## Problem to work on
Your job is to set down the stretch of entries that opens with the line containing "Image of Led" and closes with the line containing "Anubis Baskılı Beyaz". Keep both end lines, copy each exactly, and add nothing.

## Dataset entries
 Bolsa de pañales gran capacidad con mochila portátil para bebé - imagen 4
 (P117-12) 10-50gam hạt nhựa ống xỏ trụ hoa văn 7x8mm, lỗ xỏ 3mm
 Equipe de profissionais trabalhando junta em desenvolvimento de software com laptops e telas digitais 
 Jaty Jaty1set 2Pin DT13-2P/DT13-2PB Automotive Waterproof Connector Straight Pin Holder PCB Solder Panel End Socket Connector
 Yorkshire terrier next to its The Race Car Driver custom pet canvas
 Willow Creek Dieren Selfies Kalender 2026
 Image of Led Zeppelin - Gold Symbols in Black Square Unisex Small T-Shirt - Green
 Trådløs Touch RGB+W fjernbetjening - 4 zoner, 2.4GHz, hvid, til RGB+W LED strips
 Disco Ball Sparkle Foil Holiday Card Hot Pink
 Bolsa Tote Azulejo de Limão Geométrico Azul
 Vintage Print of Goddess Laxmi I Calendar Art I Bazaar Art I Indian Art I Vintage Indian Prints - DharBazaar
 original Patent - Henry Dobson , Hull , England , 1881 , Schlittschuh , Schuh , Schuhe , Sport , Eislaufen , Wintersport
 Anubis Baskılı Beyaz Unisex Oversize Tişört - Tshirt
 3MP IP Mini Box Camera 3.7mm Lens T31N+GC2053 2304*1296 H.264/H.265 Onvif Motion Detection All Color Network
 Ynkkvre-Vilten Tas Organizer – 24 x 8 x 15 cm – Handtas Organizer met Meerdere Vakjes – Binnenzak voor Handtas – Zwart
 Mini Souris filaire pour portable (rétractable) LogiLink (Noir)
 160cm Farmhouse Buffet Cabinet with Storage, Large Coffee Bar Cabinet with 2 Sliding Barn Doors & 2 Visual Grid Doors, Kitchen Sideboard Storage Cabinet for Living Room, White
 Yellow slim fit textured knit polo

## Expected answer
 Image of Led Zeppelin - Gold Symbols in Black Square Unisex Small T-Shirt - Green
 Trådløs Touch RGB+W fjernbetjening - 4 zoner, 2.4GHz, hvid, til RGB+W LED strips
 Disco Ball Sparkle Foil Holiday Card Hot Pink
 Bolsa Tote Azulejo de Limão Geométrico Azul
 Vintage Print of Goddess Laxmi I Calendar Art I Bazaar Art I Indian Art I Vintage Indian Prints - DharBazaar
 original Patent - Henry Dobson , Hull , England , 1881 , Schlittschuh , Schuh , Schuhe , Sport , Eislaufen , Wintersport
 Anubis Baskılı Beyaz Unisex Oversize Tişört - Tshirt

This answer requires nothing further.